TASK STATEMENT
A verbatim copy of the listing is needed; pictures are to be left out.

DATA FOR ANALYSIS
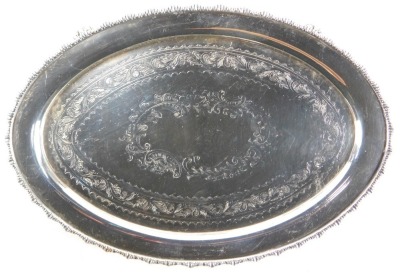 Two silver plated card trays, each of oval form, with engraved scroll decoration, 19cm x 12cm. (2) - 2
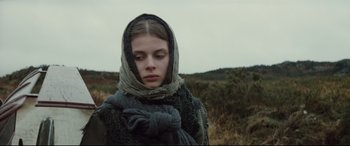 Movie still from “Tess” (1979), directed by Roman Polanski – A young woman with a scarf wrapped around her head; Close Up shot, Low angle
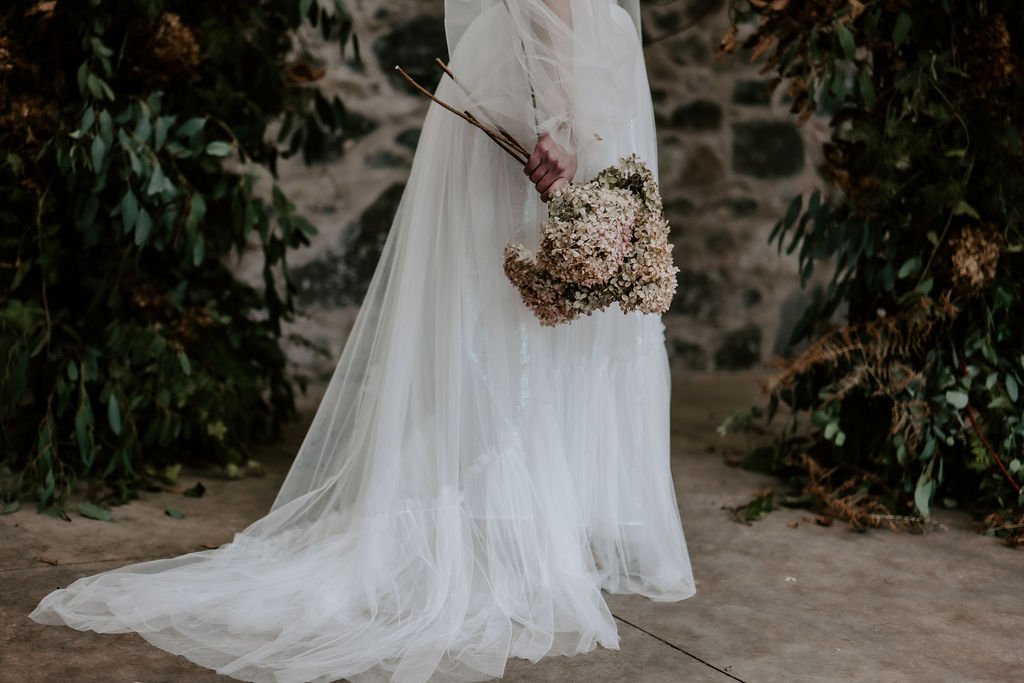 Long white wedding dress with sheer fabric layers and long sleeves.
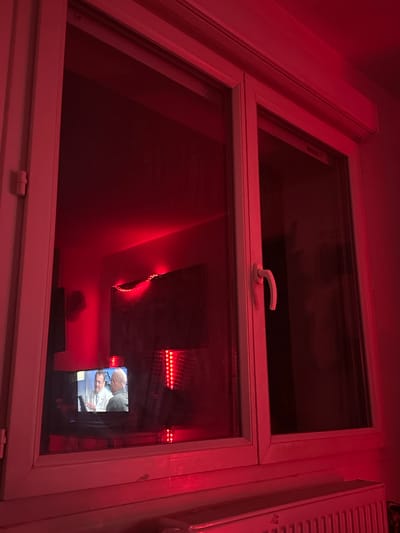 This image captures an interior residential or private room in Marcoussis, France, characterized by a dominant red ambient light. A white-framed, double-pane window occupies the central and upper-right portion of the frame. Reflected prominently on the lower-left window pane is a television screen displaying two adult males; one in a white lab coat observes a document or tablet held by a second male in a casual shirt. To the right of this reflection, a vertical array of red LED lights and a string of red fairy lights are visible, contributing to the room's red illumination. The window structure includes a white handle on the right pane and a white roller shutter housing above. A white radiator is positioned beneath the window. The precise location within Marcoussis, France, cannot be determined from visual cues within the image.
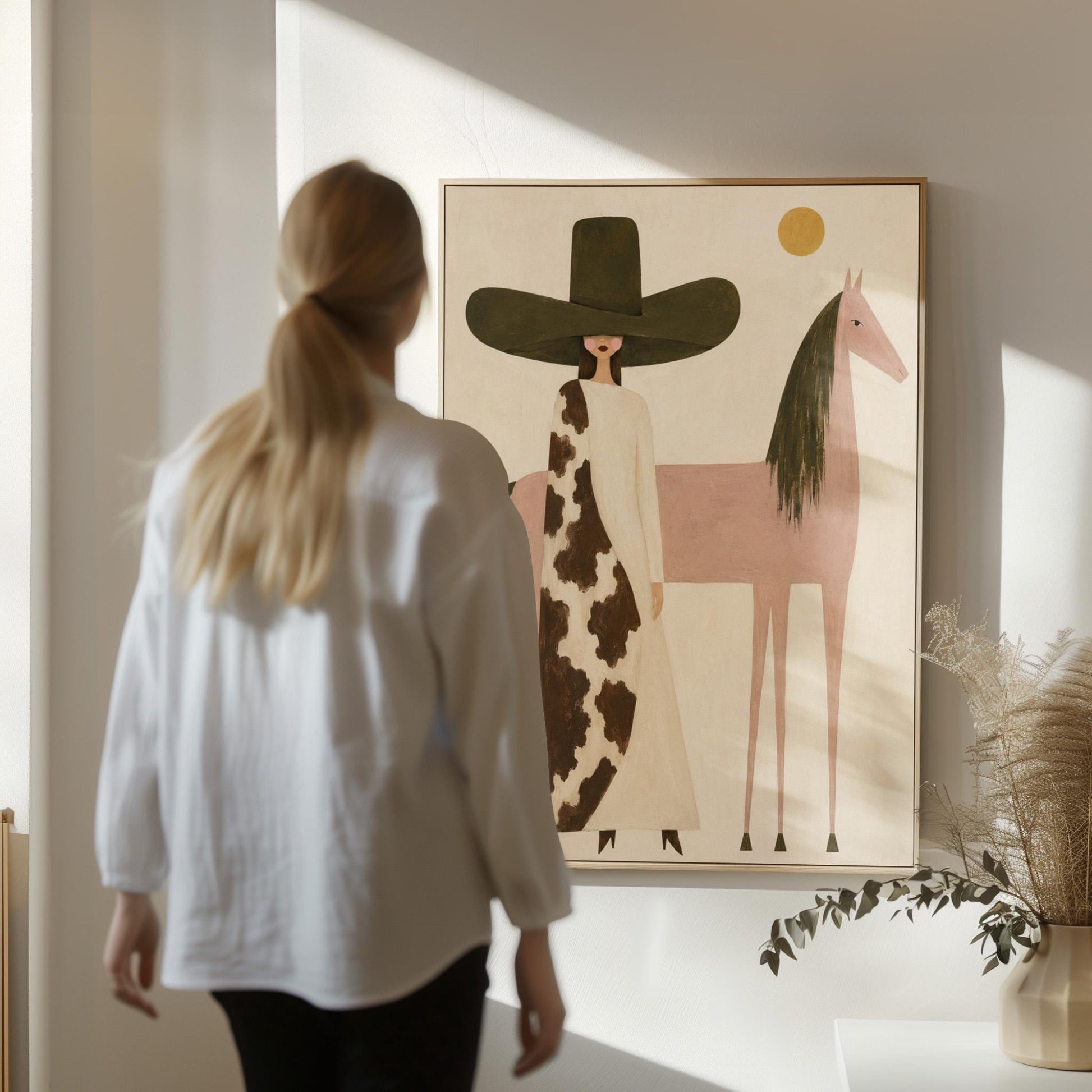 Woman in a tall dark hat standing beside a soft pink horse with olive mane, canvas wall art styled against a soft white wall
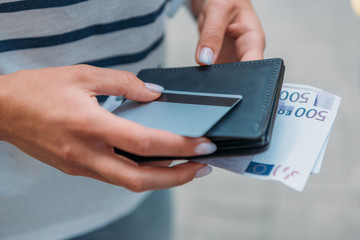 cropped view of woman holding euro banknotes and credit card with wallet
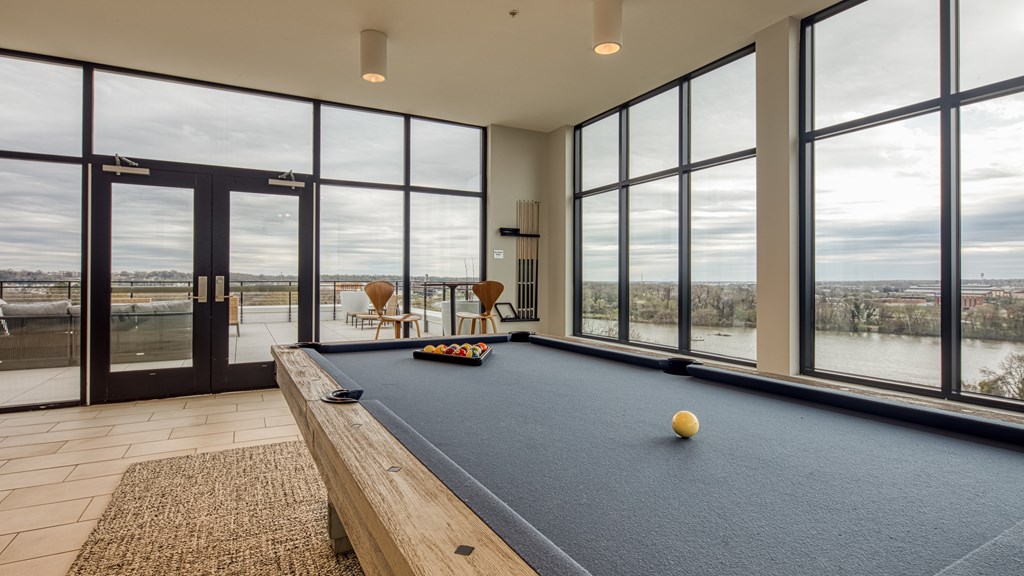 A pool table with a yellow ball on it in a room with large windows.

WRITTEN RESPONSE
 Two silver plated card trays, each of oval form, with engraved scroll decoration, 19cm x 12cm. (2) - 2
 Movie still from “Tess” (1979), directed by Roman Polanski – A young woman with a scarf wrapped around her head; Close Up shot, Low angle
 Long white wedding dress with sheer fabric layers and long sleeves.
 This image captures an interior residential or private room in Marcoussis, France, characterized by a dominant red ambient light. A white-framed, double-pane window occupies the central and upper-right portion of the frame. Reflected prominently on the lower-left window pane is a television screen displaying two adult males; one in a white lab coat observes a document or tablet held by a second male in a casual shirt. To the right of this reflection, a vertical array of red LED lights and a string of red fairy lights are visible, contributing to the room's red illumination. The window structure includes a white handle on the right pane and a white roller shutter housing above. A white radiator is positioned beneath the window. The precise location within Marcoussis, France, cannot be determined from visual cues within the image.
 Woman in a tall dark hat standing beside a soft pink horse with olive mane, canvas wall art styled against a soft white wall
 cropped view of woman holding euro banknotes and credit card with wallet
 A pool table with a yellow ball on it in a room with large windows.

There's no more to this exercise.